Case Study: Simple Extrapolation¶
In this case study, we examine a simple extrapolation problem. We show first how not to solve this problem. A better solution follows, together with a discussion of priors and Bayes factors. Finally a very simple, alternative solution, using marginalization, is described.
The Problem¶
Consider a problem where we have five pieces of uncorrelated data for a
function y(x)
:
x[i] y(x[i])
----------------------
0.1 0.5351 (54)
0.3 0.6762 (67)
0.5 0.9227 (91)
0.7 1.3803(131)
0.95 4.0145(399)
We know that y(x)
has a Taylor expansion in x
:
y(x) = sum_n=0..inf p[n] x**n
The challenge is to extract a reliable estimate for y(0)=p[0]
from the
data — that is, the challenge is to fit the data and use
the fit to extrapolate the data to x=0
.
A Bad Solution¶
One approach that is certainly wrong is to fit the data with
a power series expansion for
y(x)
that is truncated after five terms (n<=4
) —
there are only five pieces of data and such a fit would have five
parameters.
This approach gives the following fit, where the gray band shows the 1-sigma
uncertainty in the fit function evaluated with the best-fit parameters:
This fit was generated using the following code:
import numpy as np
import gvar as gv
import lsqfit
# fit data
y = gv.gvar([
'0.5351(54)', '0.6762(67)', '0.9227(91)', '1.3803(131)', '4.0145(399)'
])
x = np.array([0.1, 0.3, 0.5, 0.7, 0.95])
# fit function
def f(x, p):
return sum(pn * x ** n for n, pn in enumerate(p))
p0 = np.ones(5.) # starting value for chi**2 minimization
fit = lsqfit.nonlinear_fit(data=(x, y), p0=p0, fcn=f)

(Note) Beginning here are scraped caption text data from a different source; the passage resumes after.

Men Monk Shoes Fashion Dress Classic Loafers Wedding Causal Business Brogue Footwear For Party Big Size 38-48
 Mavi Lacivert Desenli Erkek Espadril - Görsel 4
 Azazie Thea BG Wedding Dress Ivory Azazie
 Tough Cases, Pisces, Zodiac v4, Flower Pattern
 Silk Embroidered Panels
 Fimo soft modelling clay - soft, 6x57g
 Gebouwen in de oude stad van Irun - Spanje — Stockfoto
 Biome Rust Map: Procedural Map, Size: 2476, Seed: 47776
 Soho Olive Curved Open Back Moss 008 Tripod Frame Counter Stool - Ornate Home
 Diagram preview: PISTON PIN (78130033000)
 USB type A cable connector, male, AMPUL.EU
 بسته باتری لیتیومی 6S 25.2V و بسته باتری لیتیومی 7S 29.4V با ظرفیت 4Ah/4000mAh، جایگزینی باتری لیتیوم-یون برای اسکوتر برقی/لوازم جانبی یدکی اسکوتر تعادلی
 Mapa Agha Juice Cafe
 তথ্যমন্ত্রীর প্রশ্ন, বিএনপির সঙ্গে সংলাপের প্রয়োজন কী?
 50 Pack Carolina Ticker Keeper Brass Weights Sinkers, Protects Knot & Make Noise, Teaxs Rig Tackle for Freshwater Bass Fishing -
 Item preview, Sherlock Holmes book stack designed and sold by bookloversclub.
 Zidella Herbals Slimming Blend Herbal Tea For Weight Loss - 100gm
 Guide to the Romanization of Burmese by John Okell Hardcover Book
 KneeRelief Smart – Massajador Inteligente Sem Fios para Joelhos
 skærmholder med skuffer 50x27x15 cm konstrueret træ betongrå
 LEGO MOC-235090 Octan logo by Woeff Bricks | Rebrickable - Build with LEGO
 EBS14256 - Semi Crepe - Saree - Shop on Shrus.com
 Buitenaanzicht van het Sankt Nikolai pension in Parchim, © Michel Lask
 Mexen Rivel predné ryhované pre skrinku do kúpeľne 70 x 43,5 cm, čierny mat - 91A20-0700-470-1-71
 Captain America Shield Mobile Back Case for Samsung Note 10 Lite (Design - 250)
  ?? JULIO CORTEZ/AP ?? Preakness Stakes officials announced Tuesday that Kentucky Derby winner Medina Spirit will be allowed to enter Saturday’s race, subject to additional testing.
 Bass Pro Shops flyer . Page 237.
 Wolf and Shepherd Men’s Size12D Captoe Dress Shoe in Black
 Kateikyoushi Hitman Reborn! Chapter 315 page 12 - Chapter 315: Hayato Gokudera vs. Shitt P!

print(fit.format(maxline=True))
Note that here the function gv.gvar
converts the strings
'0.5351(54)'
, etc. into gvar.GVar
s. Running the code gives the
following output:
Least Square Fit (no prior):
chi2/dof [dof] = 4.5e-24 [0] Q = 0 logGBF = None
Parameters:
0 0.742 (39) [ 1 +- inf ]
1 -3.86 (59) [ 1 +- inf ]
2 21.5 (2.4) [ 1 +- inf ]
3 -39.1 (3.7) [ 1 +- inf ]
4 25.8 (1.9) [ 1 +- inf ]
Fit:
x[k] y[k] f(x[k],p)
---------------------------------------
0.1 0.5351 (54) 0.5351 (54)
0.3 0.6762 (67) 0.6762 (67)
0.5 0.9227 (91) 0.9227 (91)
0.7 1.380 (13) 1.380 (13)
0.95 4.014 (40) 4.014 (40)
Settings:
svdcut/n = 1e-12/0 tol = (1e-08*,1e-10,1e-10) (itns/time = 11/0.0)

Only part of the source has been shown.